=== Problem statement ===
Copy out the entries that follow exactly, leaving out the pictures.

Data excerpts

________

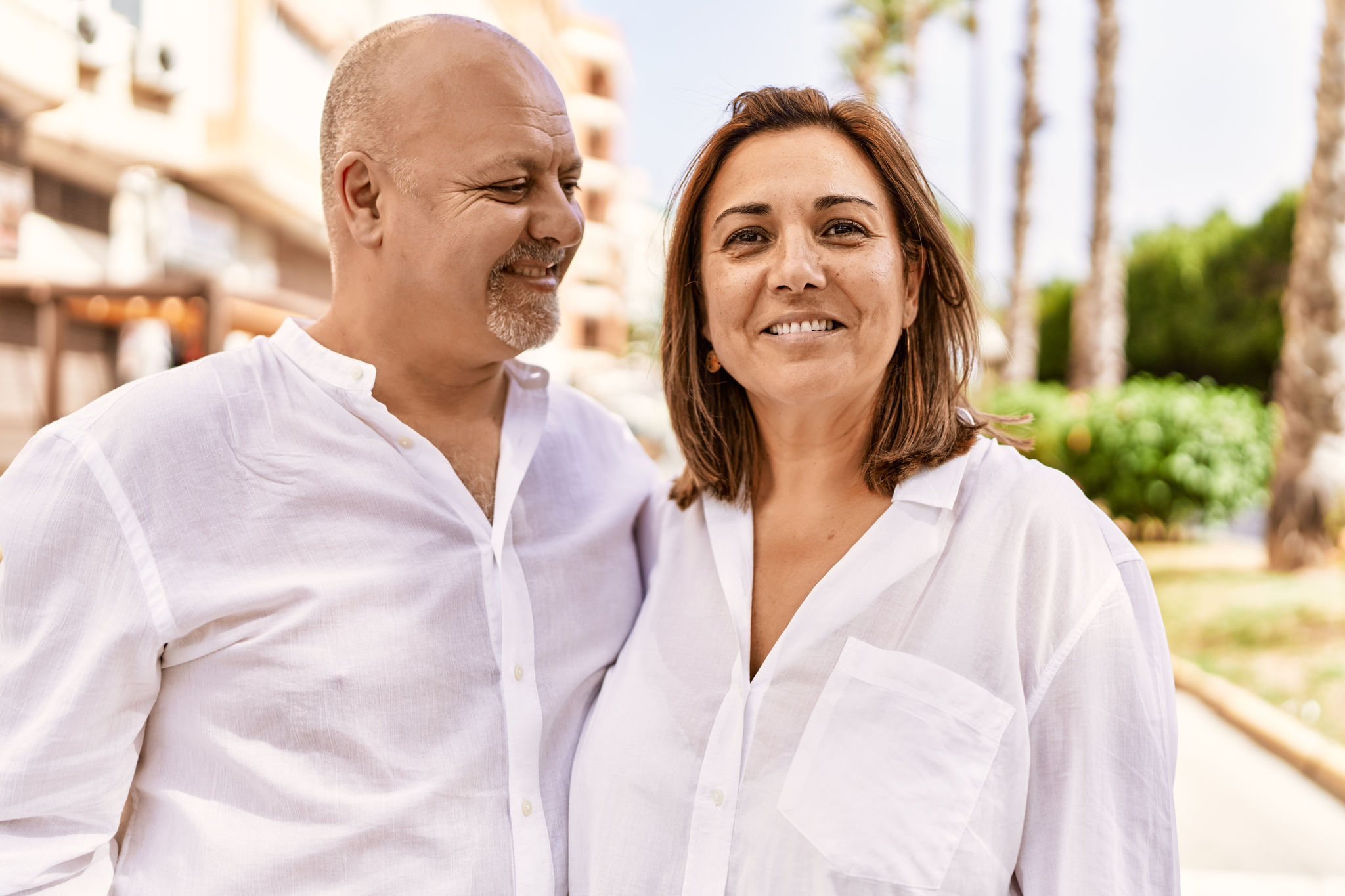 A man and woman sitting together looking at a phone.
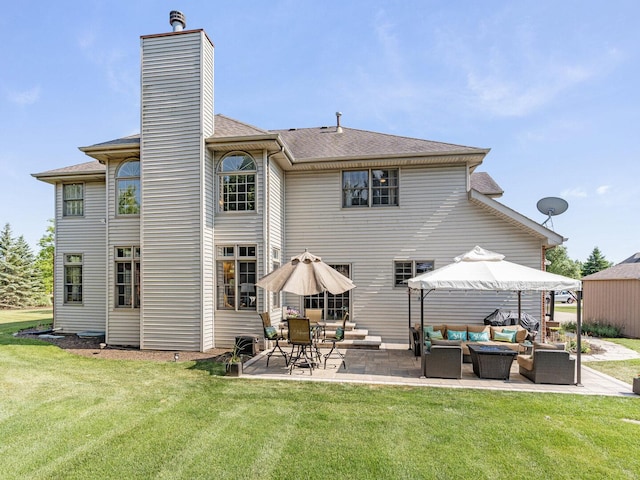 12114 W Castle Dr, Mokena, IL 60448 - rear view of property featuring an outdoor hangout area, a patio, a yard, roof with shingles, and a chimney
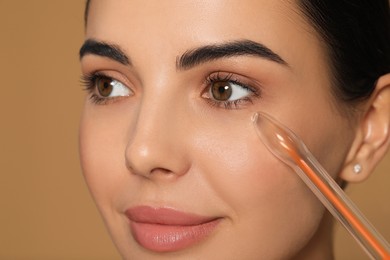 Woman using high frequency darsonval device on beige background, closeup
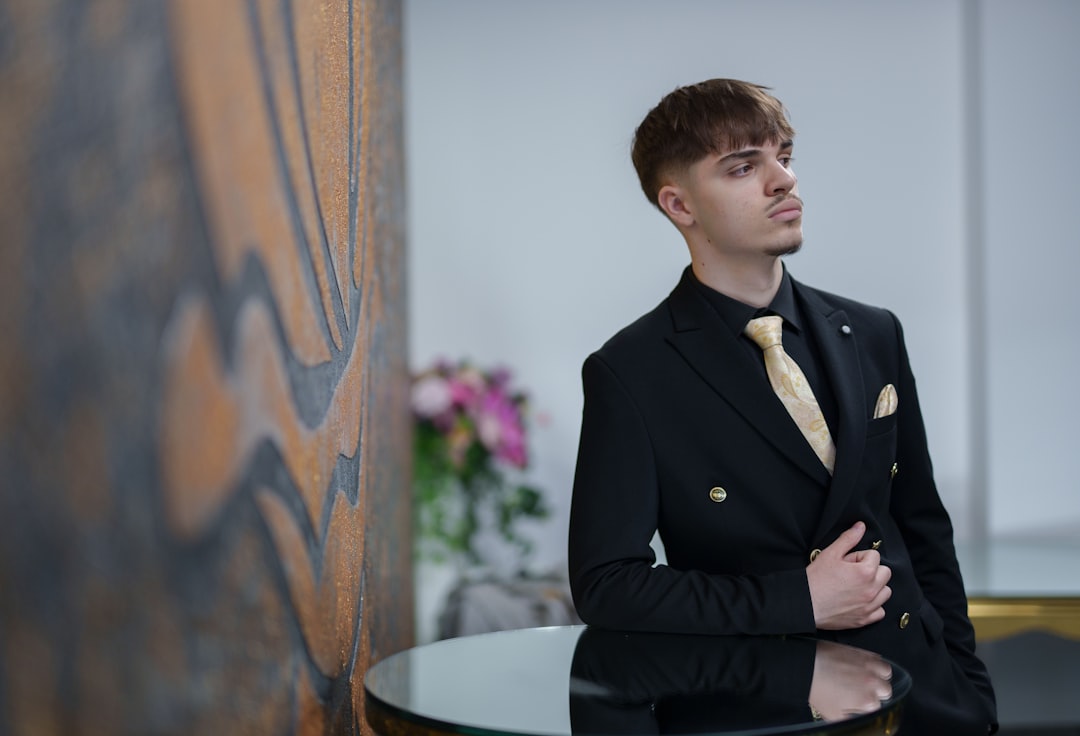 Man in a black suit with a gold tie poses.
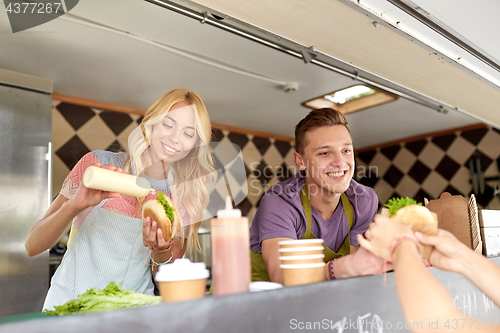 Image of happy sellers serving customers at food truck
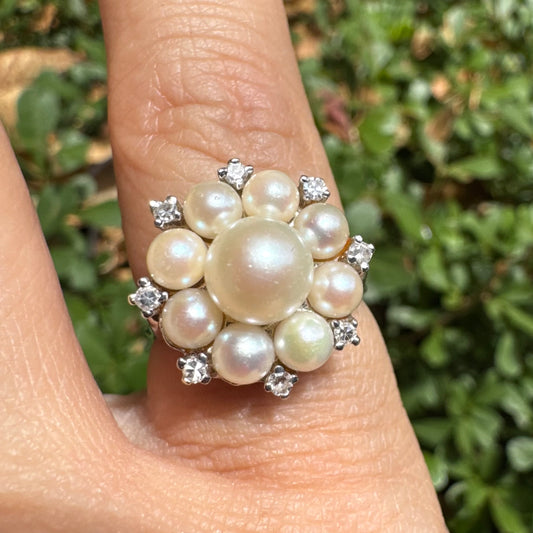 14K gold ring set with a floral cluster of lustrous Pearls in varying sizes, crowned by a central Pearl & surrounded by sparkling Diamond-like accents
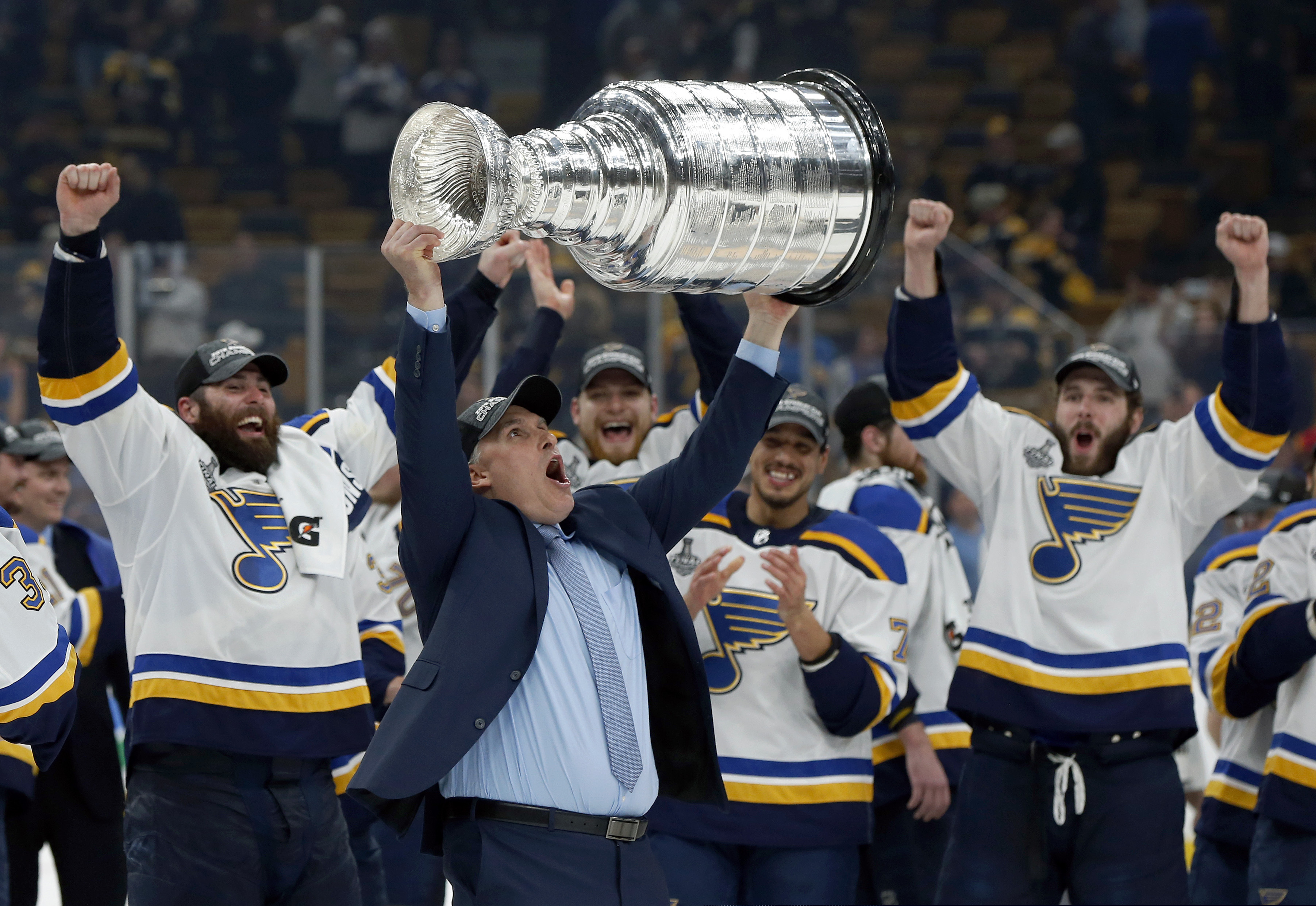 St. Louis Blues head coach Craig Berube hoists the Stanley Cup.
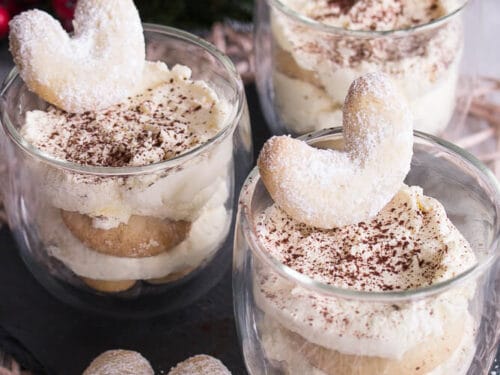 Drei Glasbecher mit Vanillekipferl-Tiramisu, jeder mit einem Vanillekipferl gekrönt.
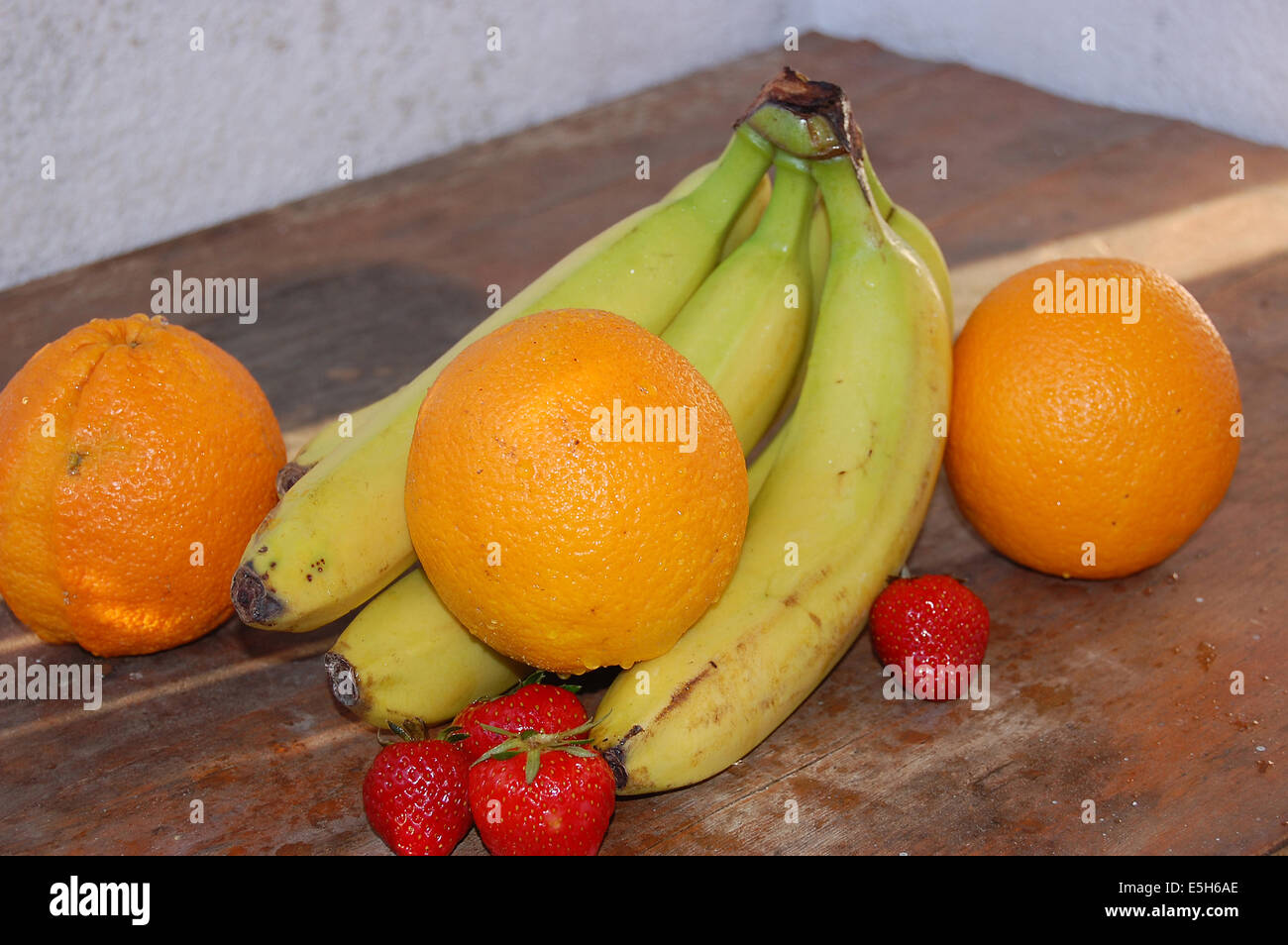 Arance, fragole e banane fotografato su una tavola di legno Foto Stock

________

=== Solution ===
 A man and woman sitting together looking at a phone.
 12114 W Castle Dr, Mokena, IL 60448 - rear view of property featuring an outdoor hangout area, a patio, a yard, roof with shingles, and a chimney
 Woman using high frequency darsonval device on beige background, closeup
 Man in a black suit with a gold tie poses.
 Image of happy sellers serving customers at food truck
 14K gold ring set with a floral cluster of lustrous Pearls in varying sizes, crowned by a central Pearl & surrounded by sparkling Diamond-like accents
 St. Louis Blues head coach Craig Berube hoists the Stanley Cup.
 Drei Glasbecher mit Vanillekipferl-Tiramisu, jeder mit einem Vanillekipferl gekrönt.
 Arance, fragole e banane fotografato su una tavola di legno Foto Stock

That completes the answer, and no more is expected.